** Provided data **
_ _ _
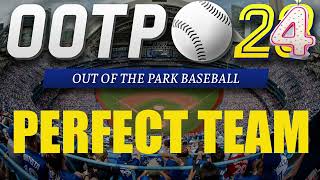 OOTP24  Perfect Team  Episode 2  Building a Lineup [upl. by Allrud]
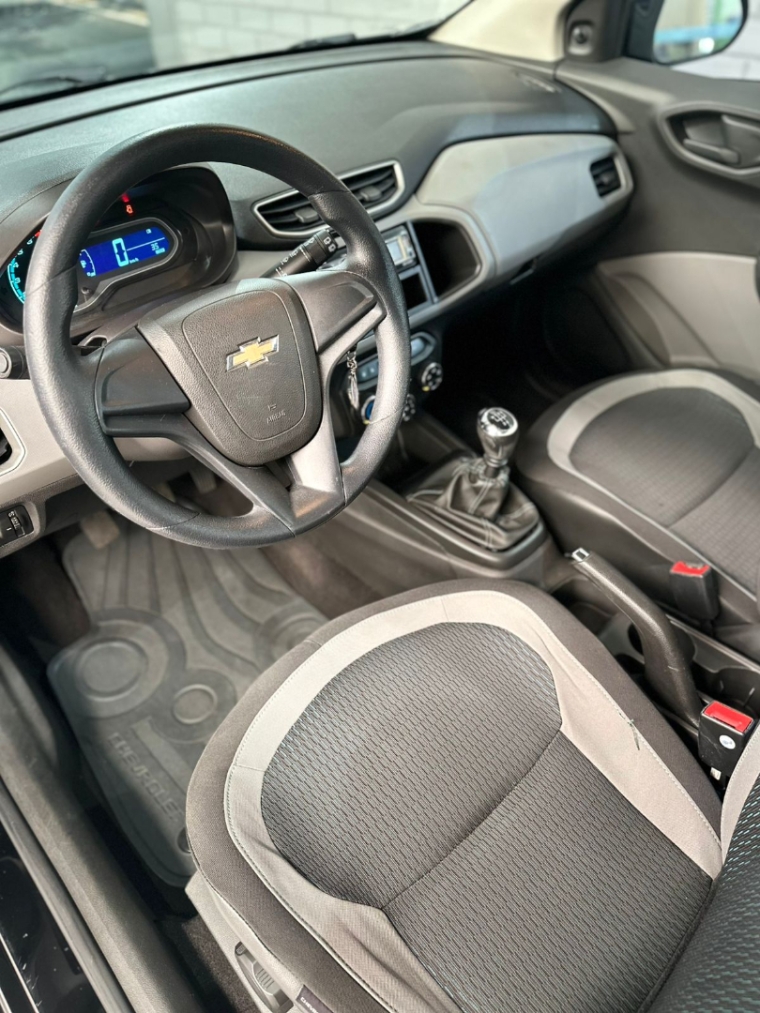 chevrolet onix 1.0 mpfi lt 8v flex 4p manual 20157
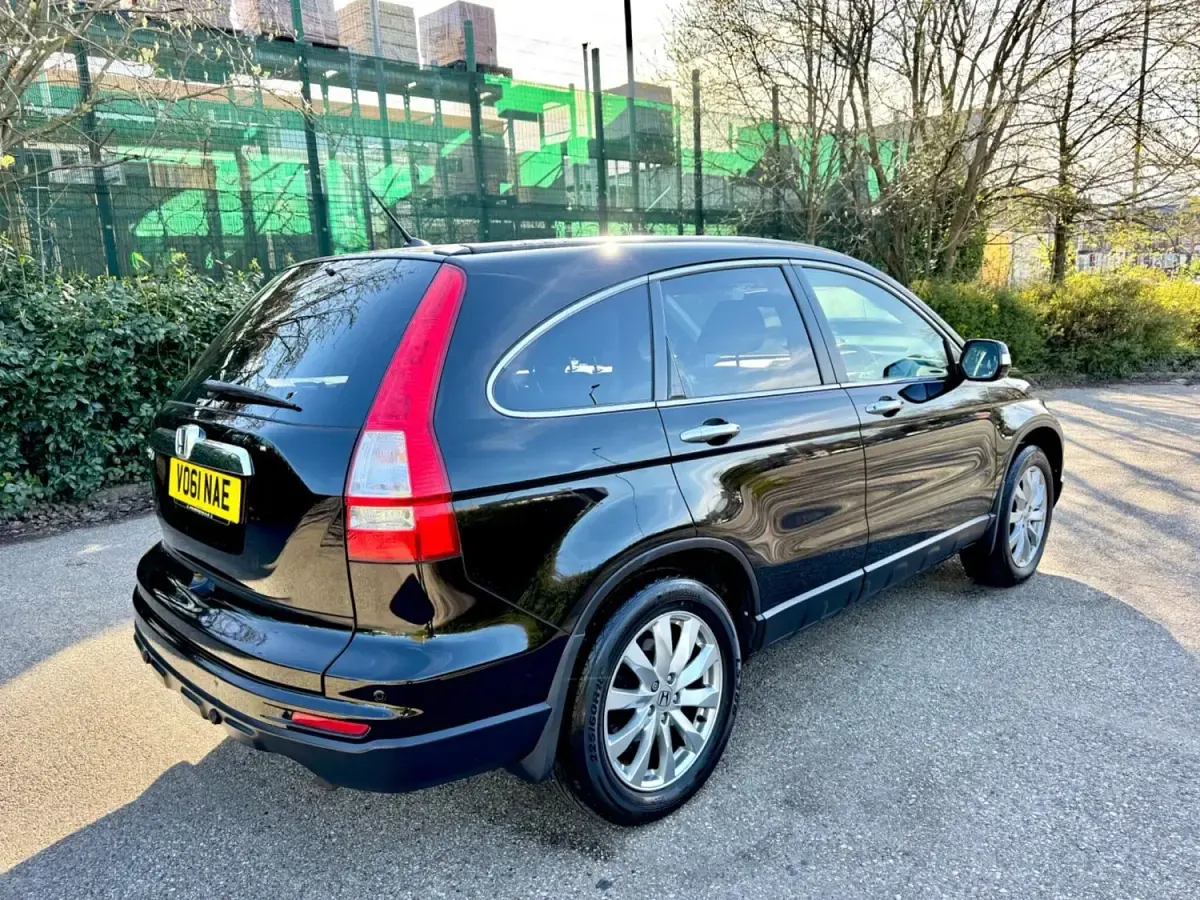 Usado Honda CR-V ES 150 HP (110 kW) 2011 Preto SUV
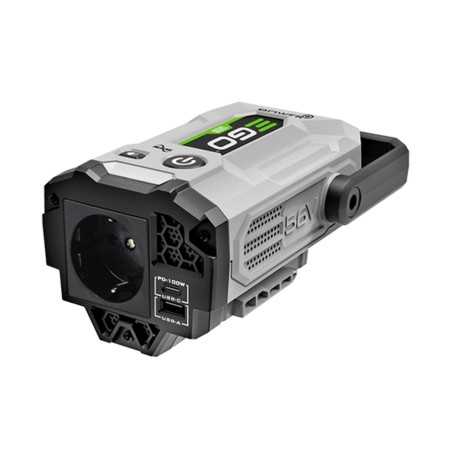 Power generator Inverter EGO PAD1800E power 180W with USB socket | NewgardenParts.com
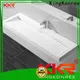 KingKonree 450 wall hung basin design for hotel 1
_ _ _
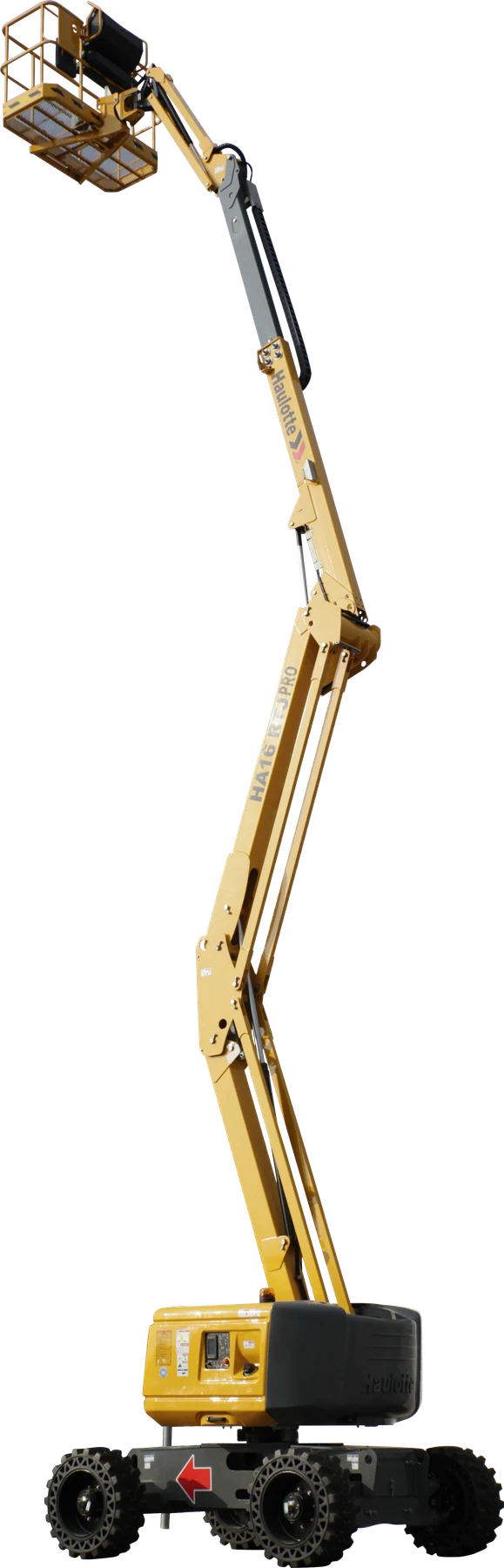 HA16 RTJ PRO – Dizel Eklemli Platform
_ _ _
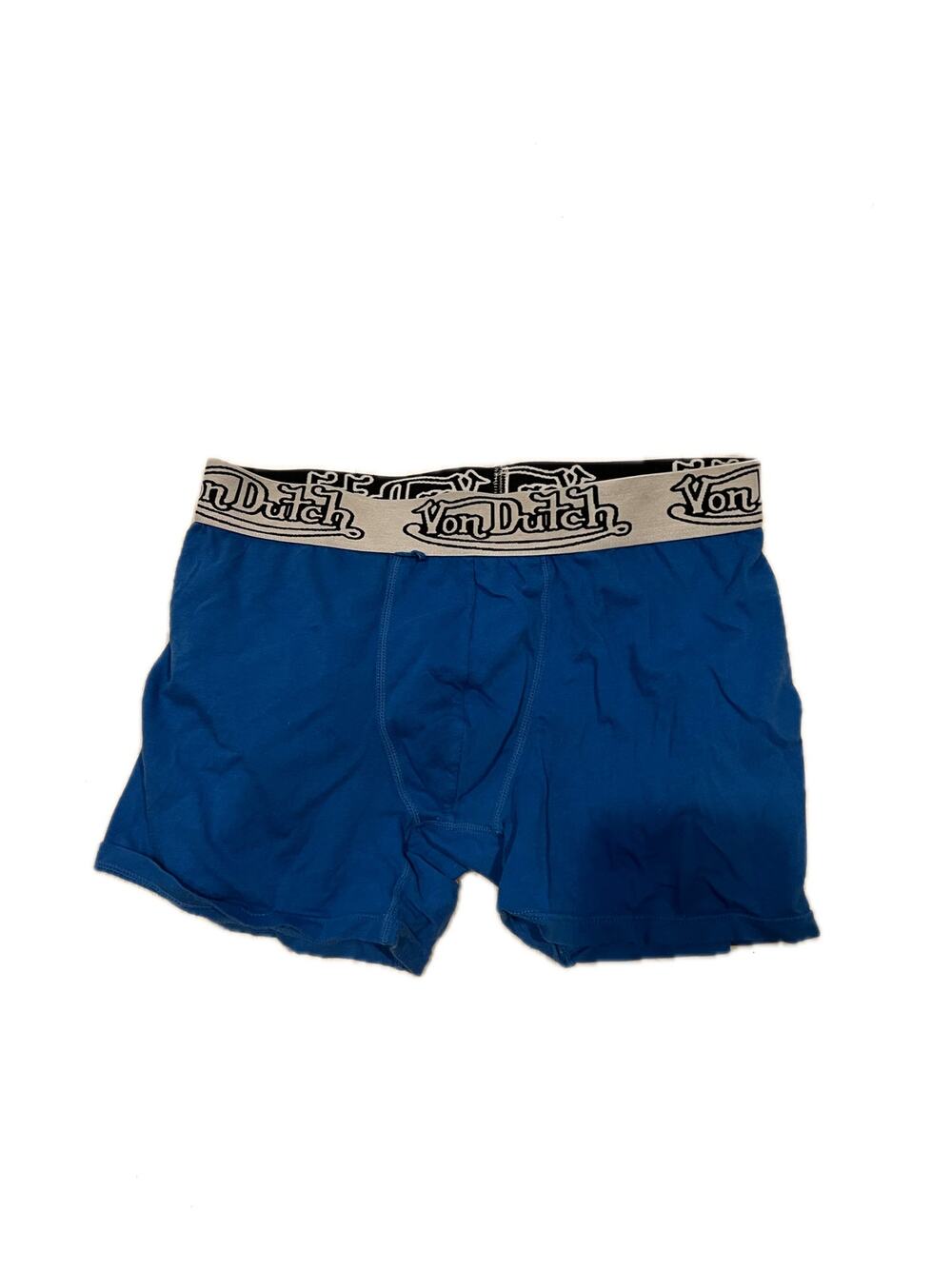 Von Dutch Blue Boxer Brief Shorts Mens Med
_ _ _
** About this task **
Copy word for word the lines of the records above from the one with "[upl. by Allrud]" up to and including the one with "KingKonree 450 wall". Skip the pictures.

** Answer to this task **
 OOTP24  Perfect Team  Episode 2  Building a Lineup [upl. by Allrud]
 chevrolet onix 1.0 mpfi lt 8v flex 4p manual 20157
 Usado Honda CR-V ES 150 HP (110 kW) 2011 Preto SUV
 Power generator Inverter EGO PAD1800E power 180W with USB socket | NewgardenParts.com
 KingKonree 450 wall hung basin design for hotel 1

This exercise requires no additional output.